Our data centre and flooding in York

tl;dr: Our York data centre is comfortably above the maximum level of flooding from a predicted 1 in 1,000 year event, according to an independent report that we commissioned before purchasing the building.


If you look at Bytemark’s location on a map or view the railcams on the side of our building, you’ll see that our data centre in York is across the four tracks of the East Coast Main Line from the River Ouse.

Over the last few weeks, intense rainfall in the north of England has resulted in unprecedented flooding in our home city. Whilst York is no stranger to rising water levels, being located at the confluence of the rivers Foss and Ouse, this year was an exception and some customers have got in touch to ask whether we are – or will ever be – at risk.

That’s why I want to reassure everyone that we are at an extremely low risk of flooding – our building is above the level of a predicted 1 in 1,000 year event.

We can be confident about this because we commissioned an independent flood risk assessment before buying the building. The report used the latest UK Environment Agency modelling of flood levels to conclude that the building (and surrounding roadways) are almost 0.5 metres higher than the worst possible case modelled for flooding over 1,000 years – even taking into account the impact of climate change.

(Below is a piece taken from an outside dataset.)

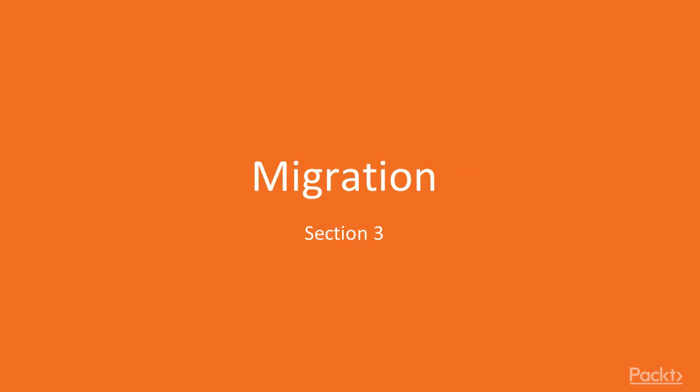Hello, my name is Sergei Vashenka and this is section 3 of Magento 2 testing and optimization video course. This section is about migration from Magento 1 to Magento 2.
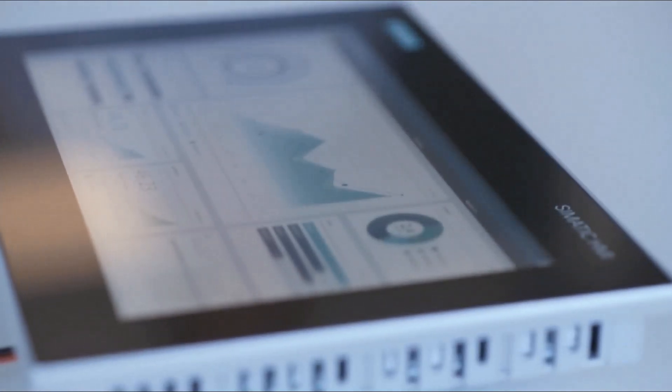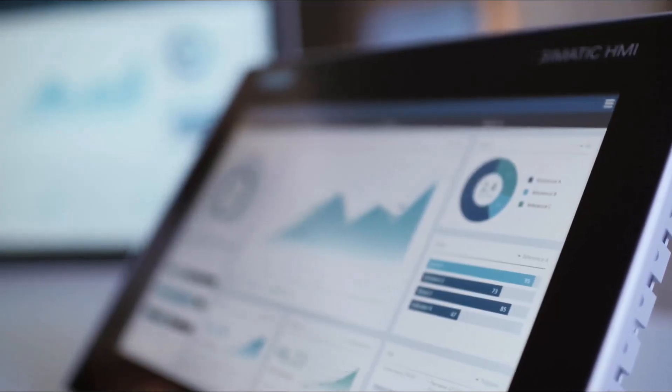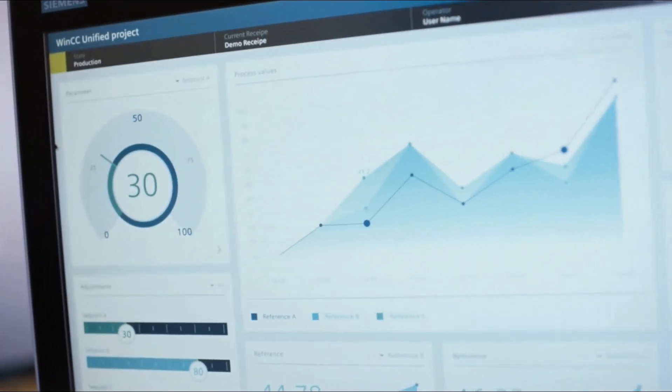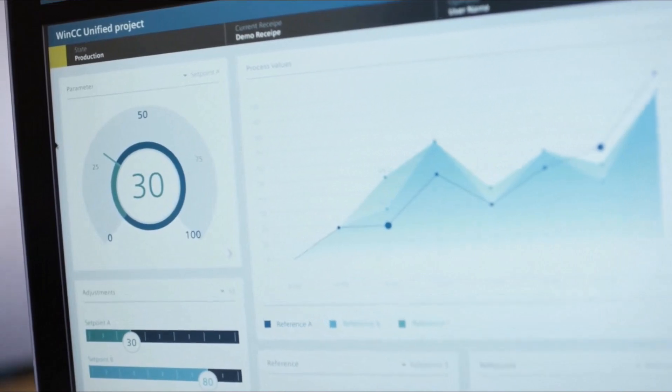Our new unified comfort panels have capacitive glass fronts with multi-touch technology, excellent colors and a high level of contrast, which make the displays highly readable and in addition to that they are extremely powerful.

This puts our building into the lowest risk category for flooding and the Environment Agency states that land in this category may be developed “for any purpose”. I’m happy to share the full report with anyone who asks via hello@bytemark.co.uk.

Whilst we are safe, hundreds of homes and business in the centre of York have been badly affected. The York Press have a gripping account of what may have been a main factor on one of the worst days.

It will take time for York to recover and I’d like any customers whose businesses have been affected to get in touch with us. In the meantime, check out the hashtag #yorkopen4business and let’s support the recovery of York city centre.